There are multiple twist-free methods to coil cables. The "over under" method seems the most common for XLR cables. Technically this is "alternating half-hitch" coiling with "feed through" being the most common problem: when one end of the cable feeds through the coil the result will be a cable full of overhand knots.

Other methods include figure-8 coiling (either in the hand or on the ground) and winding and unwinding on reels.
 
"technically known as alternating half-hitch"???????

I have never heard this in many years of studio and stage work. Please provide some authority for this statement.
 
Here is another video that is smaller than the first and comes in the .wmv flavor as well.

http://www.gearwire.com/cable-wrap.html
 
This was taught to me as 'The Roadie Wrap' method. It happens to be the only bit of knowledge I retained from my high priced studio sound recording classes I took in Dallas back in the 80's.

... and now the secret is out and on the internet. Damn you's!
 
""technically known as alternating half-hitch"???????

I have never heard this in many years of studio and stage work. Please provide some authority for this statement."

I'm not surprised you haven't heard of it. It isn't an audio term, it used to describe a method of coiling rope--the coiling of which somewhat predates the coiling of audio cable. I think it is mentioned in the Ashley Book of Knots--which I don't have handy at the moment.
 
At USC film school sound dept. they teach over-under as well as what they called the quarter-twist method, which I ended up going with.
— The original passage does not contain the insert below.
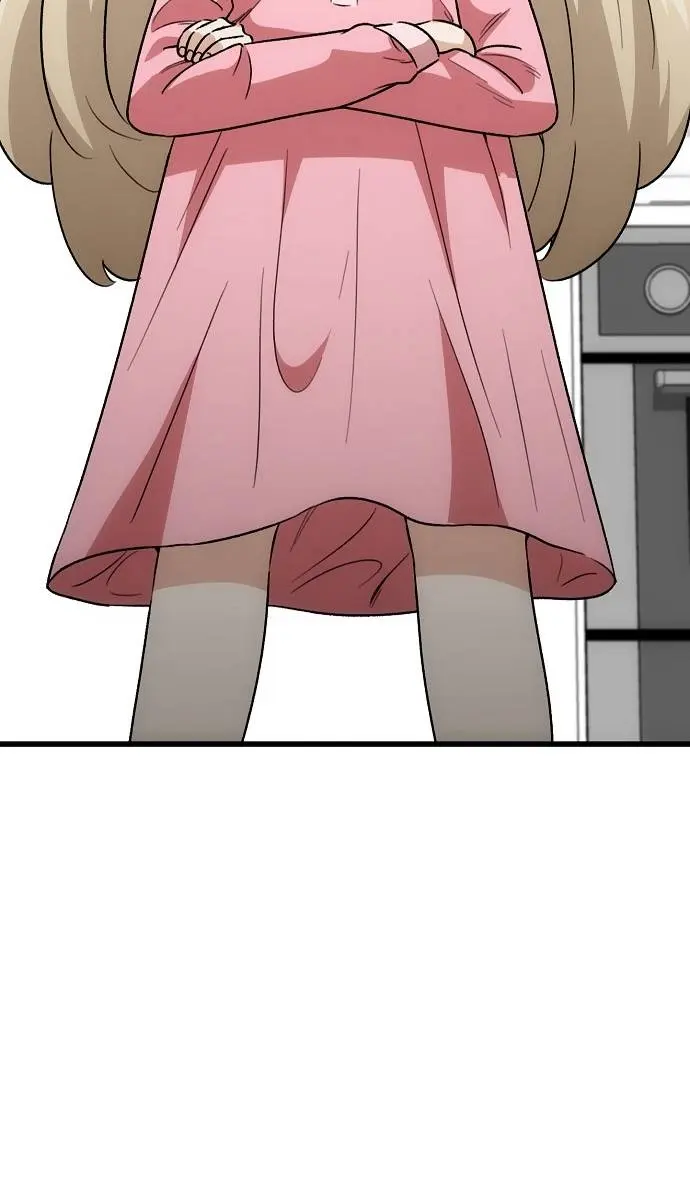 My Dad Is Too Strong Chapter 111 Page 82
Gives you the same results as o/u.

Basically you hold the coil in your left hand and grab a length with your right hand's thumb and forefinger. As you bring your thumb and forefinger to your other hand, you twist the cable in its natural coiling direction to bring it around.

I've gotten to the point where I'm pretty fast with it. But I never really got good at o/u. Sadly that translated to me getting fired off a movie set once because the boom op was insistent on o/u even though my method gave her perfectly coiled cables.
 
haha, Ive been coiling cables the right way all along I guess. Maybe it's because my friends a dj and he used to do it the right way... I must have picked it up there.
 
When I started engineering this was about the only thing I did at work for about a year before I got onto front of house. Now I'm doing a sound design course (desgin being the operative word?) and guess what I'm learning...I shall never escape it!!!
 
Does anyone know how to "retrain" a badly wrapped cable? I just bought a bunch of recording gear from a guy and lots of the cables won't coil properly. Any ideas?
 
To retrain a cable just keep coiling and using o/u, carefully massaging out the kinks, and eventually the cable will smooth out over time. It also helps to grab the loops that you've already coiled like a steering wheel and twist it around to loosen up the rubber shielding (only do this with cables that have shielding for every internal feed otherwise you risk damaging the fibers inside).
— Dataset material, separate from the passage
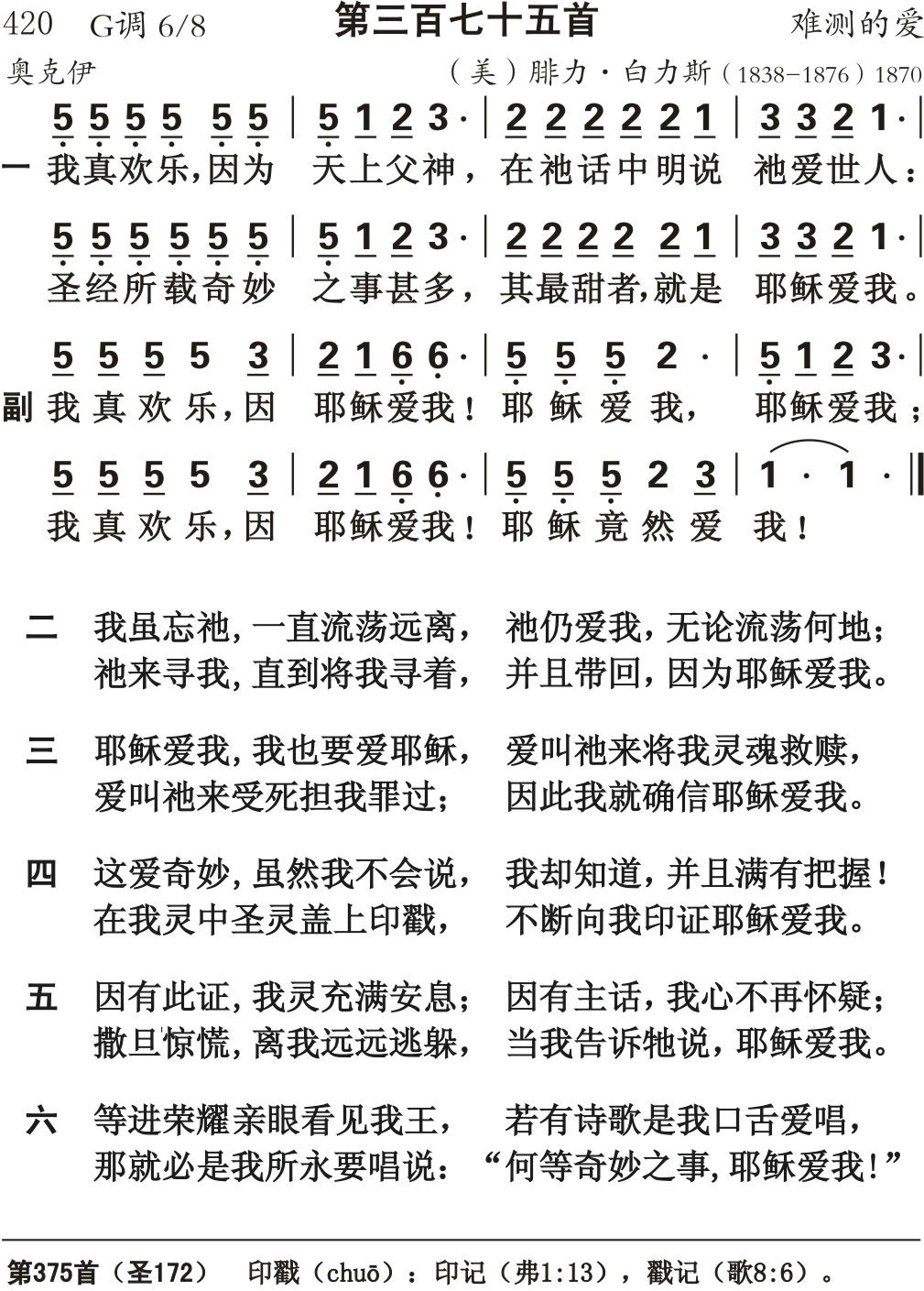 我真欢乐 第 1 页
Another way is to attach a weight to one end (not too heavy) and attach the other end from a high place. Let the cable dangle freely (not against a wall) and untwist itself. This method is not good for long cables since you'll need a really high place, but it will get the kinks out instantly for shorter ones.
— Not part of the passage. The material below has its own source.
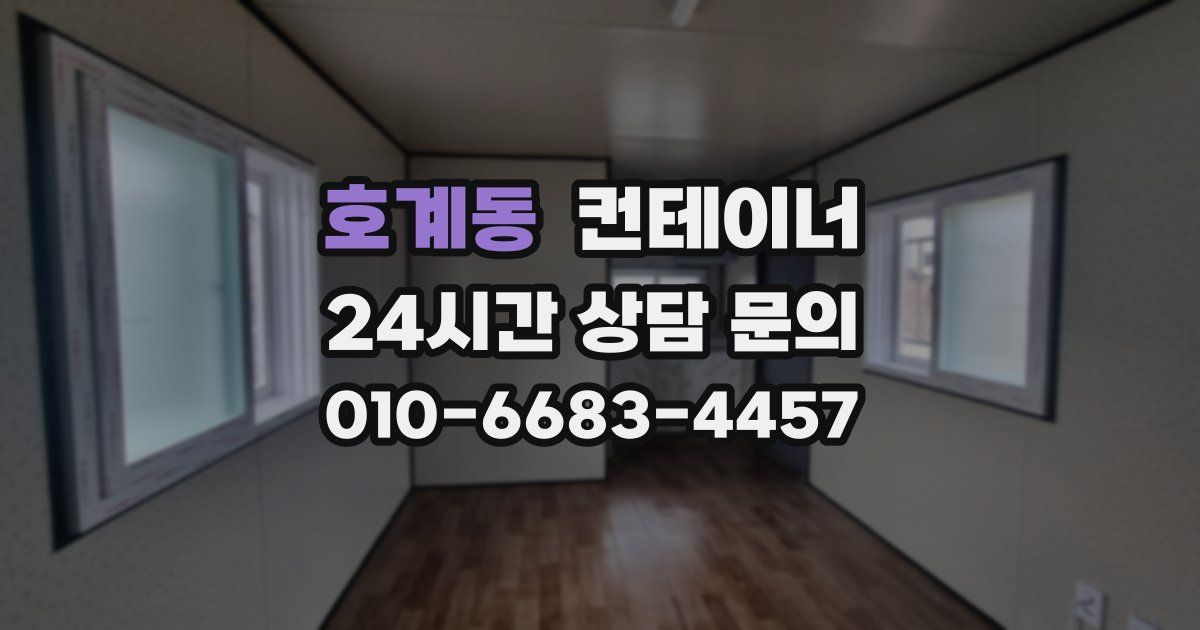 호계동 컨테이너 매입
I too paid too much money for film school only to develop an OCD for coiling every length of wire, rope, or cable into neat loops. It's surprising how many people think you've got issues if they haven't worked back stage or on a film/tv shoot. Someone really needs to warn people about these academic programs that don't do much except take good money from people just trying to achieve their dream professions.
 
Heres another method from lifehacker. It comes three months after you mentioned your system. And here are audio stuff to really check out, CNet's top 5 year ender best audio.
audio cables guide
 
For what its worth, this is refered to as "Flacking Cables".